Most of the candidate genes, particularly those encoding TFs, have multiple biological functions. Therefore, instead of BLAST alone, we employed a serial approach based on BLAST, Blast2GO and semantic similarity measures (REViGO) to obtain overrepresented functional GO categories. The two most essential GO biological processes uncovered are related to plant-type cell wall biogenesis and xylem–phloem pattern formation. We have earlier shown that bHLH, FAR1 and GRAS are involved in lignin biosynthesis and secondary cell wall deposition in jute fibres (Chakraborty et al. 2015). Candidate SCPL genes control cell elongation (Bienert et al. 2012), a key step in bast fibre formation. Detection of an adaptive gene encoding an ARABIDILLO-1 ortholog, an F-box/ARMADILLO repeat protein that promotes lateral root growth (Mu et al. 2010), could be related to bast fibre production, because a QTL hotspot for bast fibre yield involves a QTL for root growth in C. olitorius (Kundu et al. 2015). The wider adaptability of C. olitorius in India has been related to deeper and rapidly growing root system (Choudhary et al. 2017). Three adaptive loci associated with the two isoforms of a TIP-type AQP are closely related to LuTIP2-1 and LuTIP2-2 involved in water and solutes transport in flax (Shivaraj et al. 2017). This TIP2 class has long been identified as a shoot AQP involved in vascular development in Arabidopsis (Daniels et al. 1996). Together, these results suggest that bast fibre production was an important artificial selection pressure in C. olitorius. Overrepresented biological processes related to ion transmembrane transport and oxidation–reduction process are involved in the acquisition of salinity stress tolerance in jute (Yang et al. 2017). Serine-type carboxypeptidase activity, an overrepresented molecular function GO term, is associated with broad-spectrum disease resistance (Mugford et al. 2009). Manonyl-CoA synthetase activity associated with direct synthesis of manonyl-CoA, a precursor for cauline anthocyanins, may be related to photoprotective acclimation to high light stress (Gould et al. 2010). Therefore, it is possible that abiotic and biotic stresses were natural selection pressures involved in the local adaptation of C. olitorius. Candidate genes associated with the tolerance of abiotic and biotic stresses were subjected to positive selection during domestication of ramie (Liu et al. 2014).
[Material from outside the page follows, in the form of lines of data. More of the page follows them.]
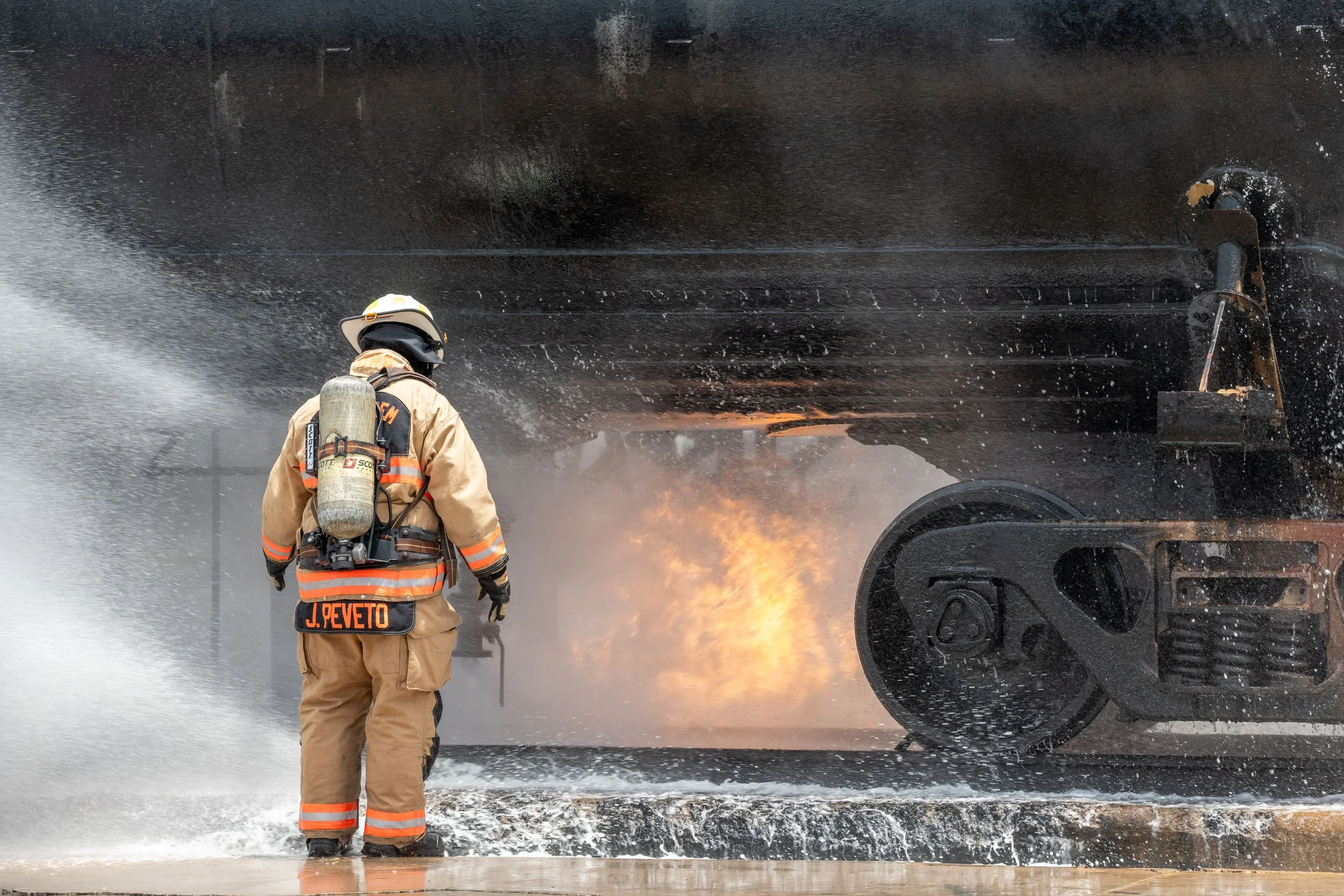 Firefighter in protective gear fighting fire on a large vessel with visible flames and water spray.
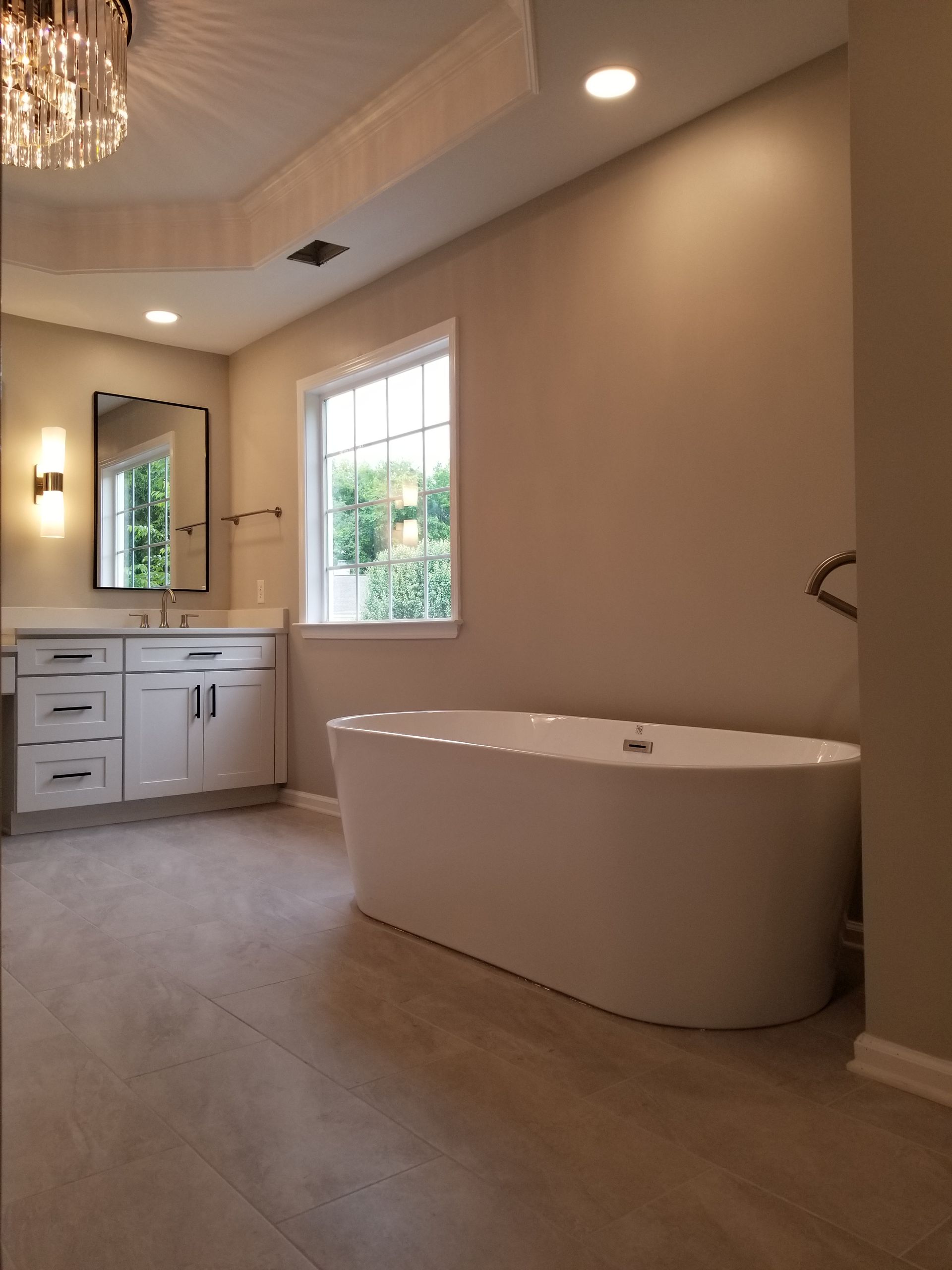 A bathroom with a tub, sink, mirror and window.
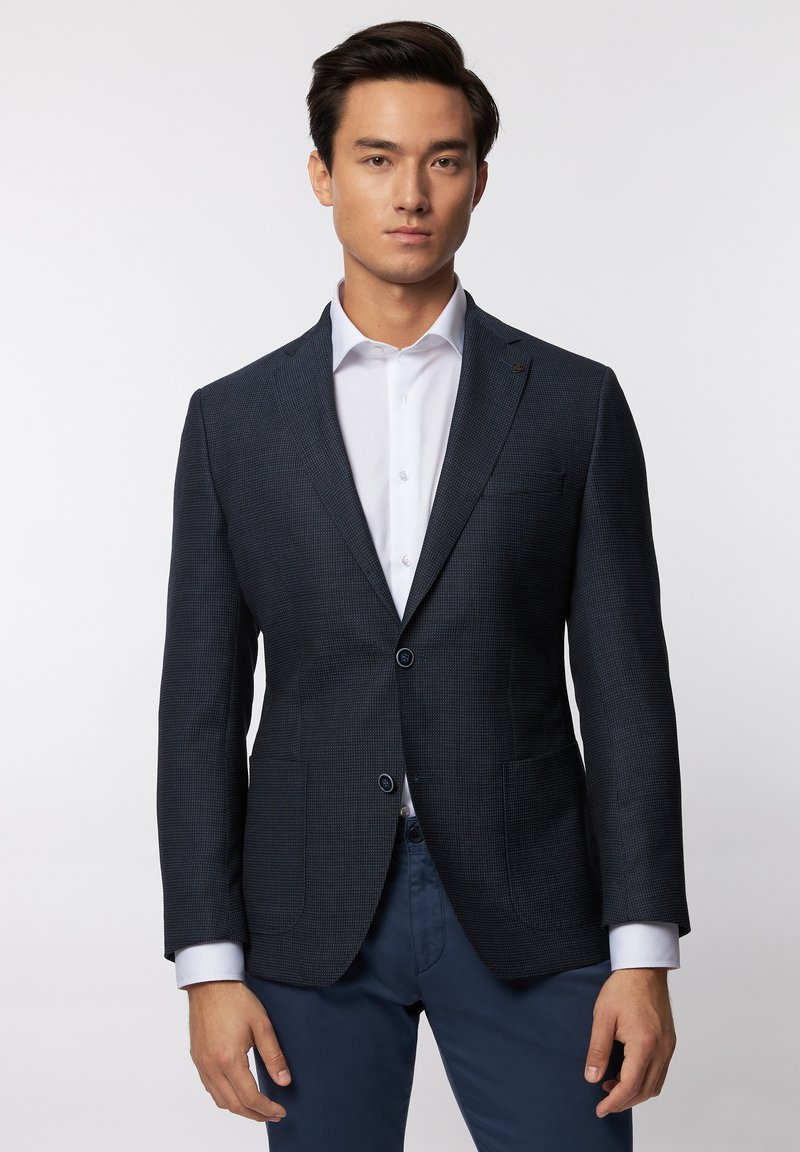 Blazer texturé marine avec deux poches avant et deux boutons, associé à une chemise blanche et un pantalon bleu, offrant une coupe moderne et ajustée.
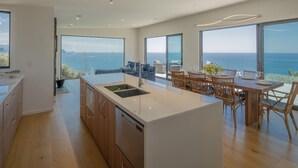 A modern kitchen with a large island, wooden cabinets, and a view of the sea.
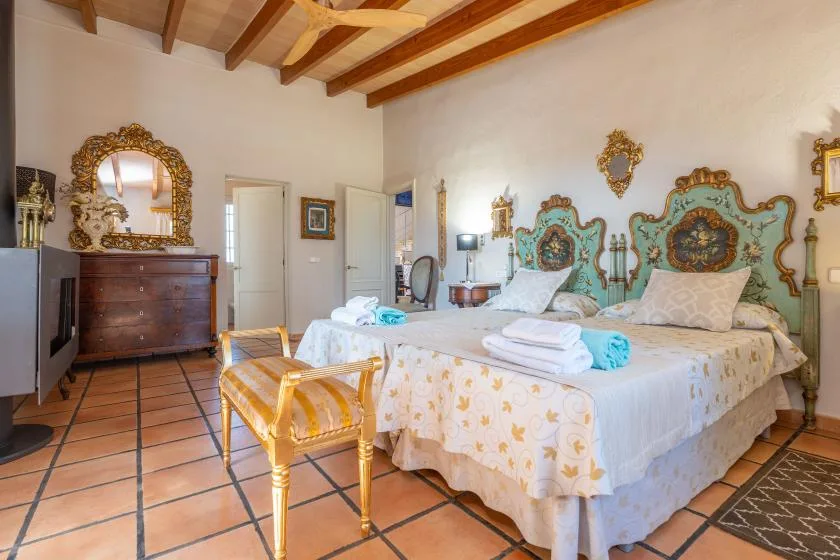 Un dormitorio con dos camas, cabeceros ornamentados y vigas de madera a la vista.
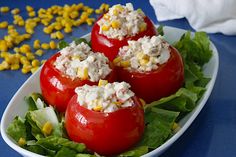 three stuffed tomatoes with corn on the cob and lettuce in between them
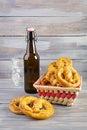 Homemade baked salt pretzel on wooden background. Oktoberfest concept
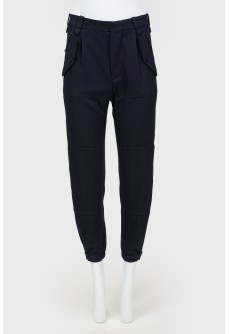 Slim fit trousers with patch pockets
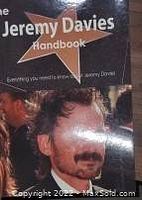 Close-up photo of the autobiography book cover titled 'Jeremy Davies Handbook' with subtitle 'Everything you need to know about Jeremy Davies'.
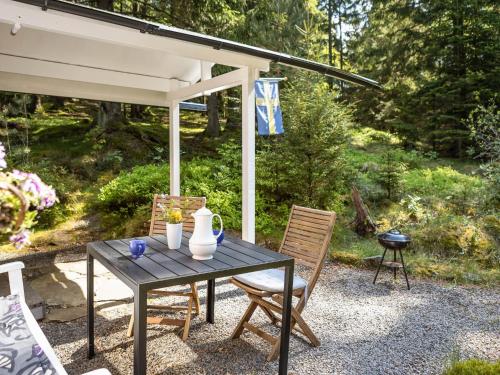 a black table and chairs under a pavilion at Holiday Home Dammeberg by Interhome in Karl Gustav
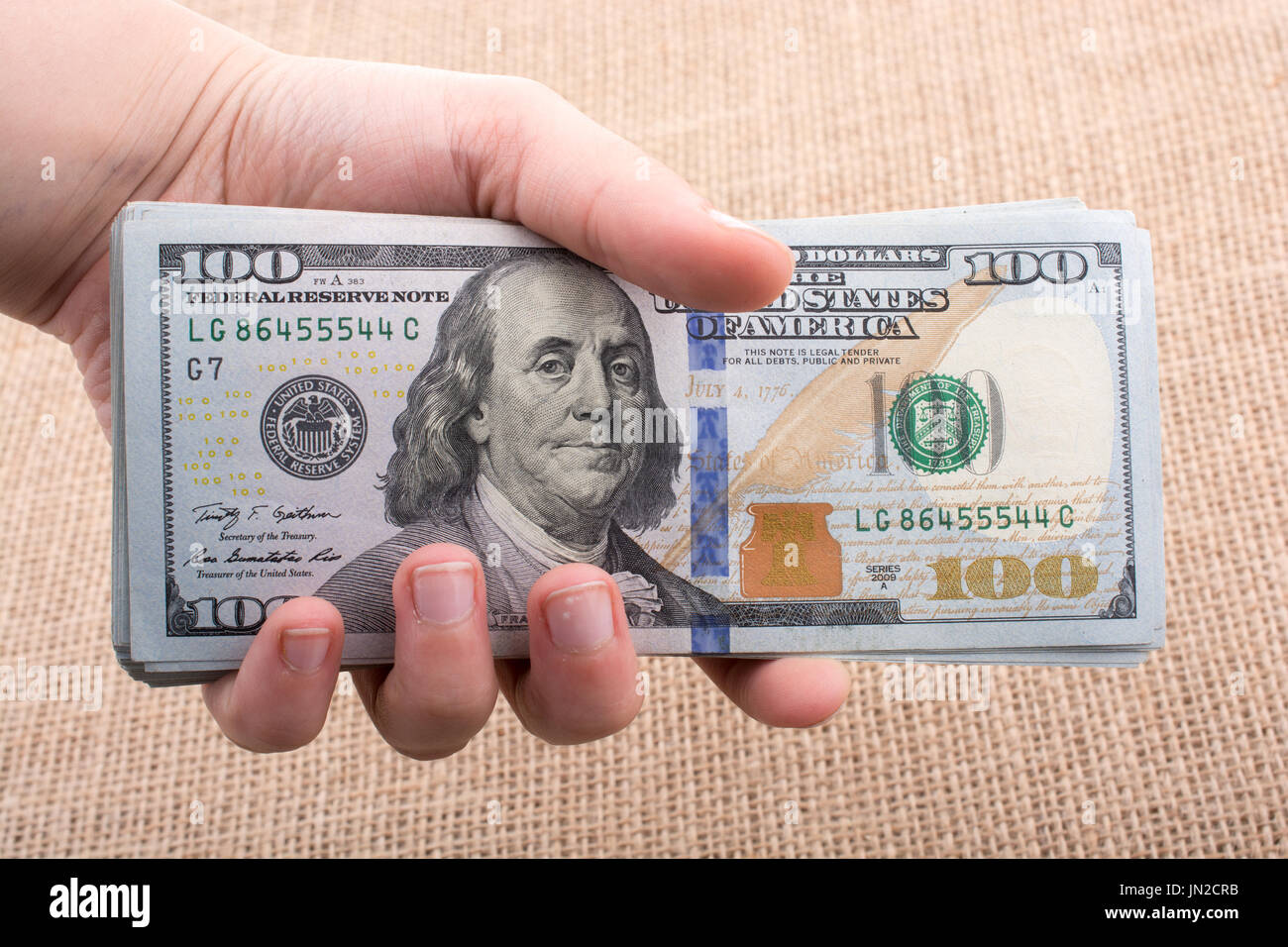 Hand holding banknote bundle of US dollar on a linen canvas background ...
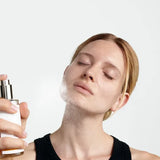 Model spraying Dr Hauschka Facial Toner on her face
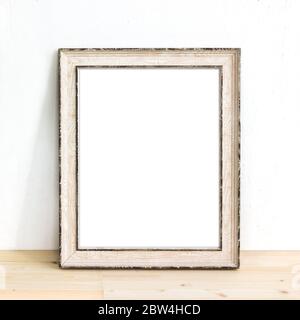 Rustikaler Bilderrahmen aus Holz, der auf einem Tisch steht. Produktmodell Stockfoto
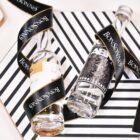 Two small liquor bottles are placed on a black and white striped surface. They are wrapped with a decorative black ribbon that has BONSONNO written on it in white.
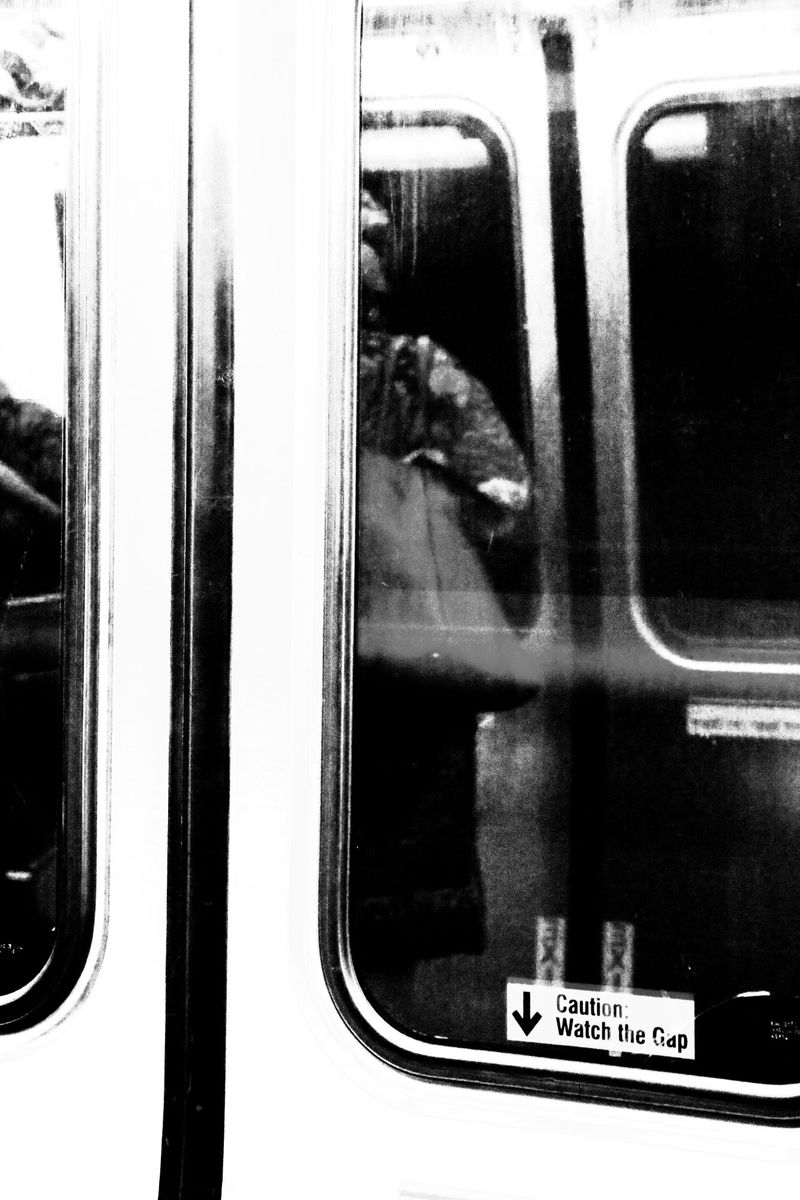 Monochrome image of a subway train door with a blurry view of an adult, an arrow, and caution text, creating a stark contrast.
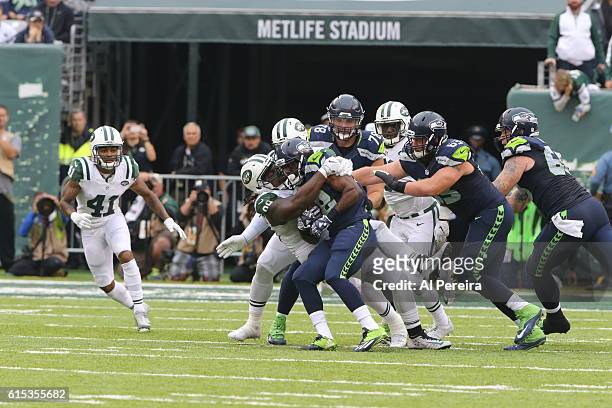 Defensive Lineman Steve McLendon of the New York Jets makes a stop against the Seattle Seahawks during their game at MetLife Stadium on October 2,...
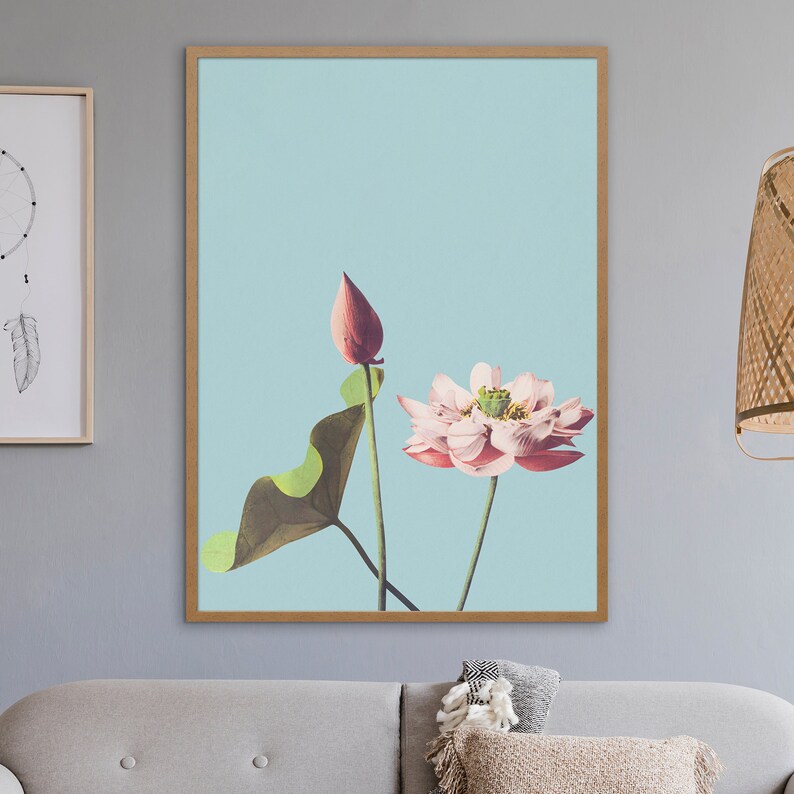 May include: A framed print of a pink lotus flower with a green leaf and a closed bud on a light blue background.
No marked changes in population structure inferences in the absence of outlier loci may be because relatively larger number of RAD-SNP loci might have buffered the potential bias caused by outlier loci. With increasing numbers of gSSR loci, a buffering effect on the flawed genetic structure results was observed in flax (Soto-Cerda and Cloutier 2013). However, correction of our population structure results in terms of individual group membership and admixture level following the removal of outliers implies that these loci or others in LD with them were potentially affected by artificial and/or natural selection pressures. Since geographically sampled Indian accessions were mostly affected by the flawed group membership, it is evident that these selective loci could be involved in the differentiation of Indian populations. The exclusion of the outlier loci resulted in 23–24% reduction in genetic differentiation among geographic populations concomitant with 21.1% reduction in genetic divergence (FST) between the two ancestral subpopulations. Given that bast fibre production was a potential artificial selection pressure, we would suggest that C. olitorius was possibly domesticated as a fibre crop most likely in central and northern India. In the future, this hypothesis will be tested further by studying the genetic association between these candidate RAD-SNP loci and domestication-related bast fibre yield and yield components.